Return each record word for word and omit the pictures.

(Records from a data collection)
========================================================================
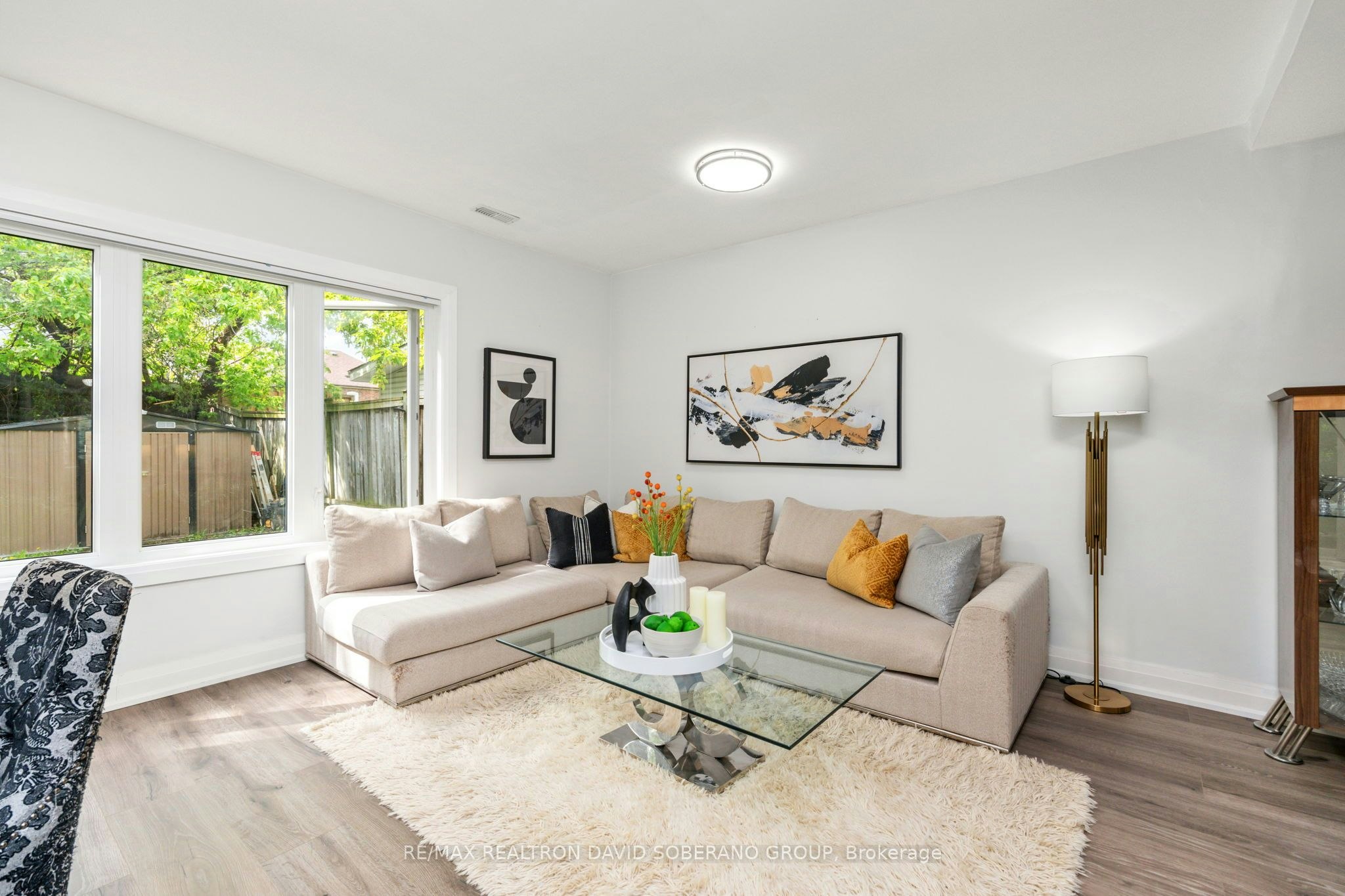 35 Almore Avenue, Toronto, ON, M3H 2G9 - 11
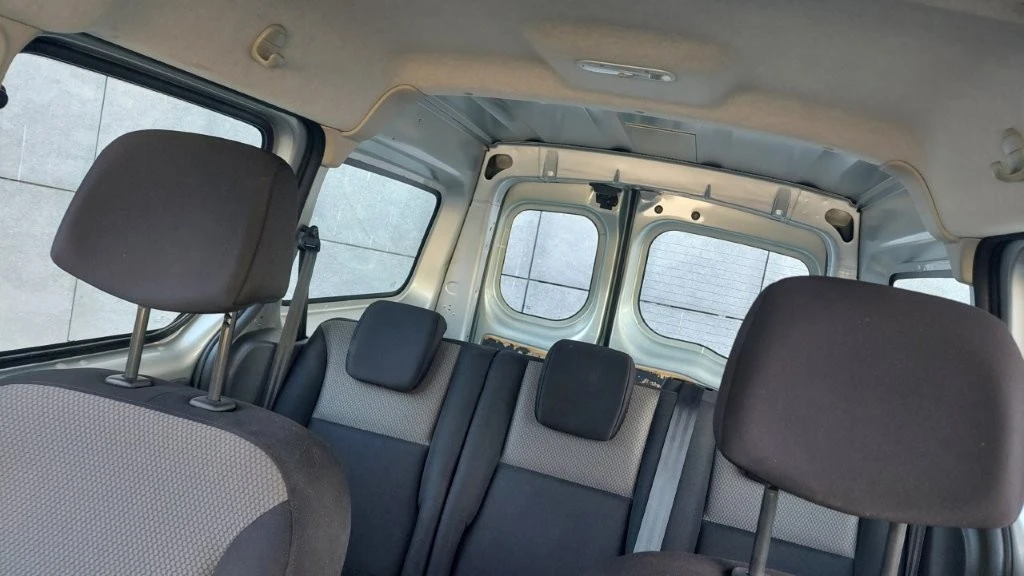 Renault Kangoo ZE 33 Maxi Electric, снимка 16 - Автомобили и джипове - 56562429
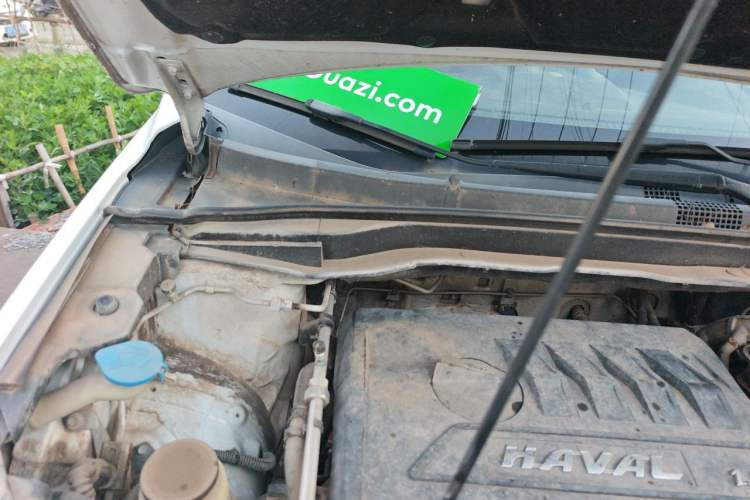 Used Haval H6 2015 Upgraded Model 1.5T Manual Two-Wheel Drive Elite Version Engine Bay Right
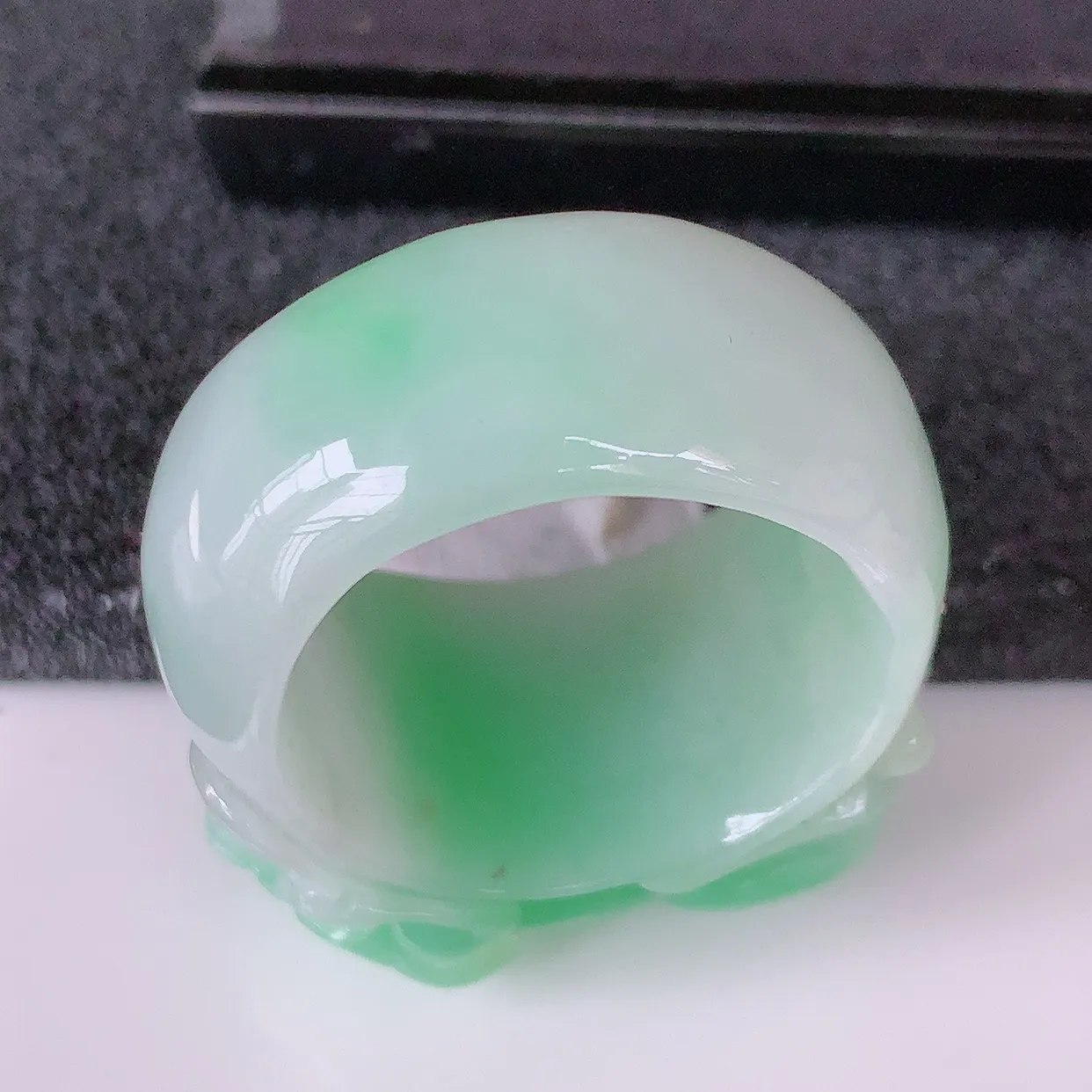 自然光实拍，貔貅扳指，20mm内径飘绿翡翠扳指，冰润指环，玉扳指，戒指，财源滚滚，玉质细腻起胶，23圈口，种水好！#1.20尺寸20-32.5*13.8*8.2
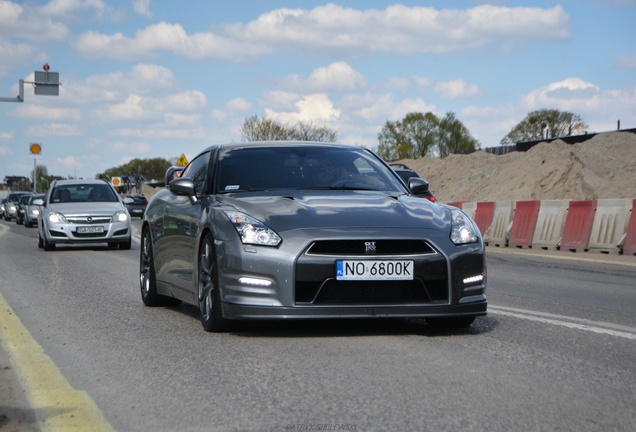 Nissan GT-R 2012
========================================================================
● **Exercise answer**:
 35 Almore Avenue, Toronto, ON, M3H 2G9 - 11
 Renault Kangoo ZE 33 Maxi Electric, снимка 16 - Автомобили и джипове - 56562429
 Used Haval H6 2015 Upgraded Model 1.5T Manual Two-Wheel Drive Elite Version Engine Bay Right
 自然光实拍，貔貅扳指，20mm内径飘绿翡翠扳指，冰润指环，玉扳指，戒指，财源滚滚，玉质细腻起胶，23圈口，种水好！#1.20尺寸20-32.5*13.8*8.2
 Nissan GT-R 2012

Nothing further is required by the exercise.